Bei der ukrainischen Kampagne in Russland hat bisher (Stand Montag, 19. August 2024) alles geklappt. Erst nach einer Woche kamen die ersten Videos, wie der Grenzposten zerschossen wurde und die russischen Soldaten sich ergaben. Zwei Tage später kommt genau von dieser Stelle der erste Bericht von CNN. Am selben Tag berichtet Stefania Battistini (w) und Simone Traini (m) für die RAI aus dem ukrainisch besetzten Gebiet – also zehn Tage nach dem Beginn des Feldzugs. Das Gebiet, das jetzt besetzt ist, ist größer als das riesige Berlin. Trotzdem, dachte ich, könnte man die Soldaten in einer Nacht zurückziehen. Es fehlte mir immer noch die Vorstellungskraft, dass die Ukrainer so gut und die Russen so schlecht sind.
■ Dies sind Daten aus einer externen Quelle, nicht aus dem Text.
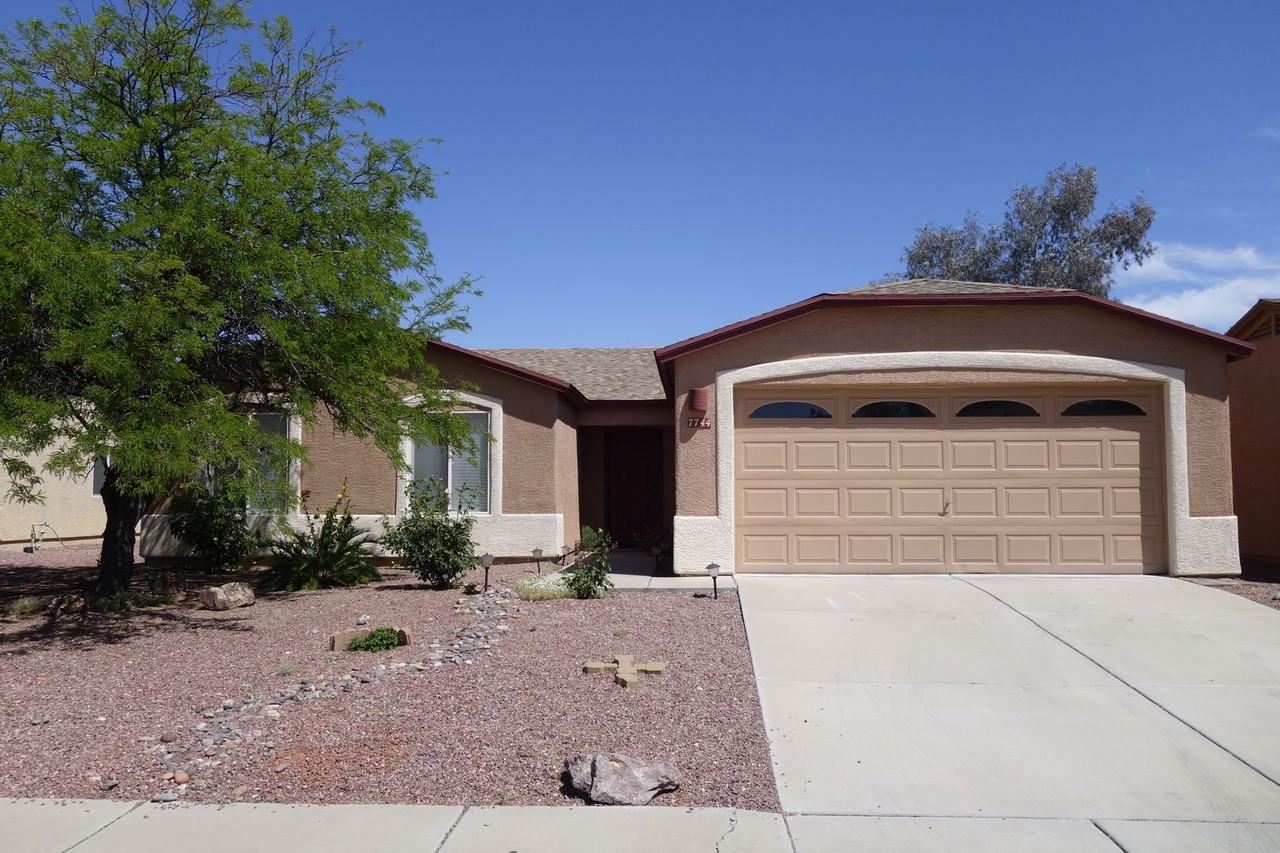 7744 W Rising Moon Way - Photo 2 of 15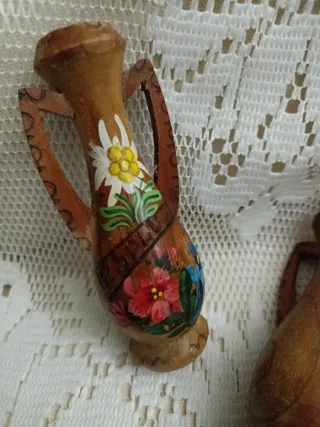 Coppia anfore legno dipinte fiori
Wir sehen kühne, euphorische Krieger der Ukrainer, der Georgischen Legion und viele andere Freiwillige. Auf der anderen Seite die eher bemitleidenswerten, gefangenen russischen (Kinder-) Soldaten. Die einen kämpfen für die Freiheit, die anderen nicht für Putin, sondern weil sie Wehrpflichtige sind oder weil es Geld gibt.
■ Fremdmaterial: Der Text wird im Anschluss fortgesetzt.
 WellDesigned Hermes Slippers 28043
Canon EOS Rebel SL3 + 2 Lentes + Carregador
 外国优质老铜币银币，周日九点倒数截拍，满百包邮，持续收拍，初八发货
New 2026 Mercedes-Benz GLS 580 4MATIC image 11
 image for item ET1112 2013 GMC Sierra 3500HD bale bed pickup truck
Und wir lesen Spekulationen, die seltsame Blüten treiben. Das britische Nachrichtenmagazin Economist stellt am 18. August 2024 den Angriff als eine Art Verzweiflungstat von General Oleksandr Syrsky dar. Er solle vor der Entlassung gestanden haben. „Gerüchte kursierten, dass General Syrsky kurz vor der Entlassung stehe, und Kampfhunde aus dem Umfeld von Andriy Yermak, dem allmächtigen Stabschef von Präsident Wolodymyr Selenskyj, deuteten sogar an, er habe seine Vorgesetzten ,belogen’. Inmitten des Tumults begann der Kommandant mit seinen Planungen.“ Mit Selenskyj habe er nur unter vier Augen gesprochen, ohne dessen Stab. Die Verbündeten seien nicht informiert gewesen. Ich halte das im Kern für eine Phantasiegeschichte. Wer auch immer seitens der Ukraine an der Aufklärungsarbeit beteiligt war, an den Amerikanern und ihren technischen Aufklärungsmöglichkeiten geht kein Weg vorbei. Die würde keiner an der Nase herumführen. Aber natürlich wird alles von Ukrainern selbst geplant und vorbereitet worden sein.

Die Frage ist doch: Wie macht man das heute, Feindesland auskundschaften? Mit Drohnen, mit Satelliten, mit den Daten über die Nachschubwege, über die Produktionskapazitäten der Russen, über die Zahl der zu rekrutierenden Soldaten. Das sind Echtzeitdaten und Langzeitdaten – riesige Datenmengen, die zur Verfügung stehen und ausgewertet werden müssen. Zielgerichtet, nämlich mit dem Ziel, Schwachstellen zu erkennen. Dazu braucht man erst mal keine AI, sondern die Fähigkeit und Möglichkeit, extrem schnell wahnsinnig große Datenmengen zu durchforsten und die Ergebnisse auf den Punkt zu bringen.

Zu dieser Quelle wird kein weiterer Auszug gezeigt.